Lantas bagaimana dengan penghormatan? Penghormatan ada dua. Penghormatan yang dilakukan atas dasar kerelaan dan penghormatan yang dilakukan atas dasar keterpaksaan. Boleh jadi wija arung ini dihormati sekelilingnya dengan sapaan Puang, Petta, tetapi setelah ia pergi ia dicemooh masyarakatnya. Lalu disebut “arung bawammi”. Hal ini kadang terjadi pada pribadi “tiang bendera”. Mau dihormati tapi tidak mau menghormati orang lain.  Ada juga bentuk penghormatan atas dasar terpaksa karena adanya jabatan atau kekayaan yang melekat. Karena yang bersangkutan adalah pejabat dan kaya, maka orang orang mendekat dan menghormatinya. Ketika jabatan dan kekayaan hilang, ia tidak dihargai lagi. Orang terpaksa menghormatinya karena jabatan dan hartanya.

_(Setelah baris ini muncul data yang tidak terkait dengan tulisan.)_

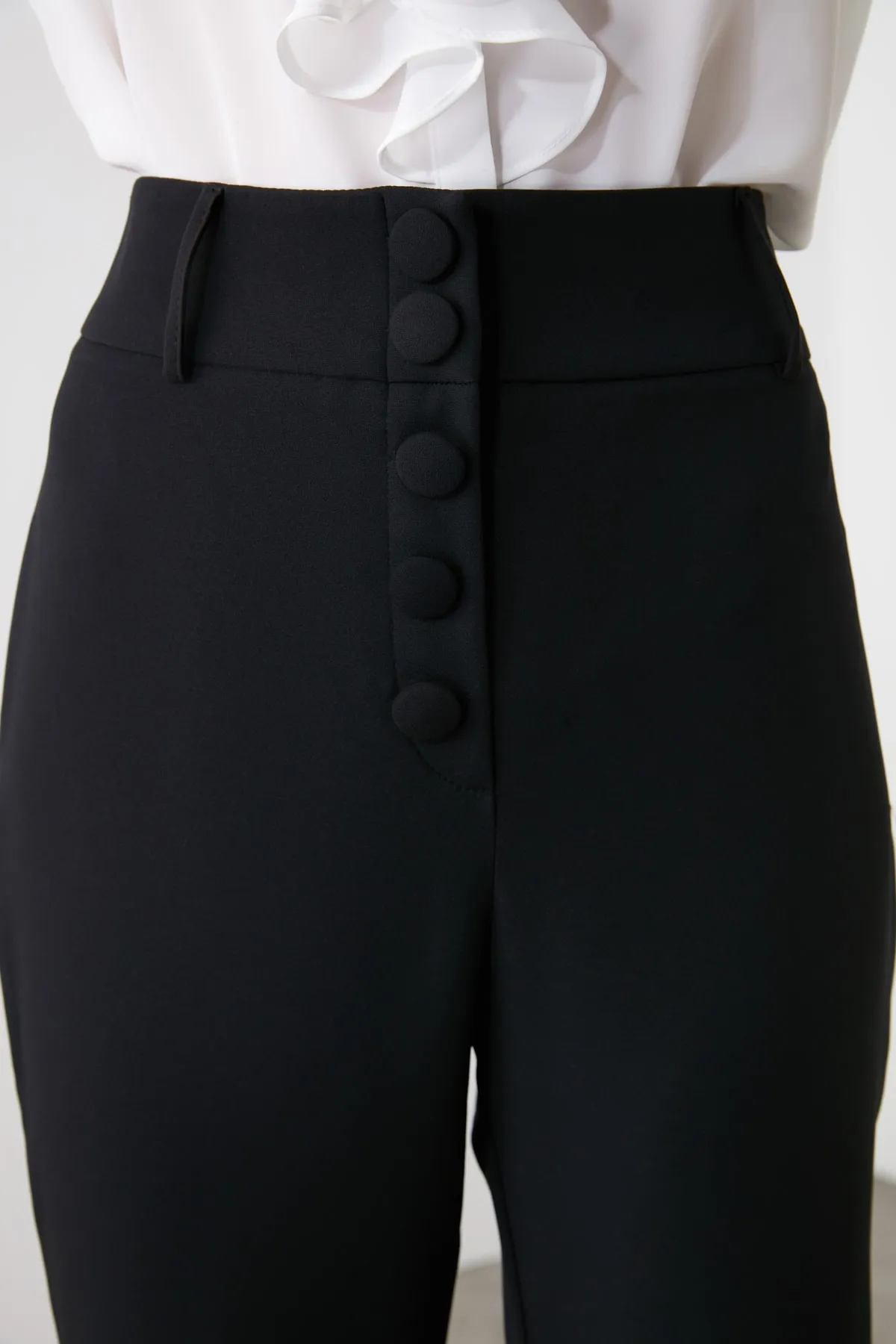 Trendyol Collection  Schwarze Webhose mit weitem Bein TWOSS19WX0086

Namun ketika wija arung IKHLAS memuliakan sesamanya manusia, maka tanpa ia mengharap ia akan mendapat penghargaan yang IKHLAS. Bahkan tanpa harta dan jabatan pun, ia masih dihargai. Disinilah kita sebagai manusia memilih. Memilih ikhlas menghargai sesama manusia yang pada gilirannya akan kembali ke diri sendiri berupa penghargaan orang lain kepadanya. Atau mengusahakan agar orang lain menghargainya namun tidak mengupayakan pribadi atau sifat bangsawan yang sesungguhnya.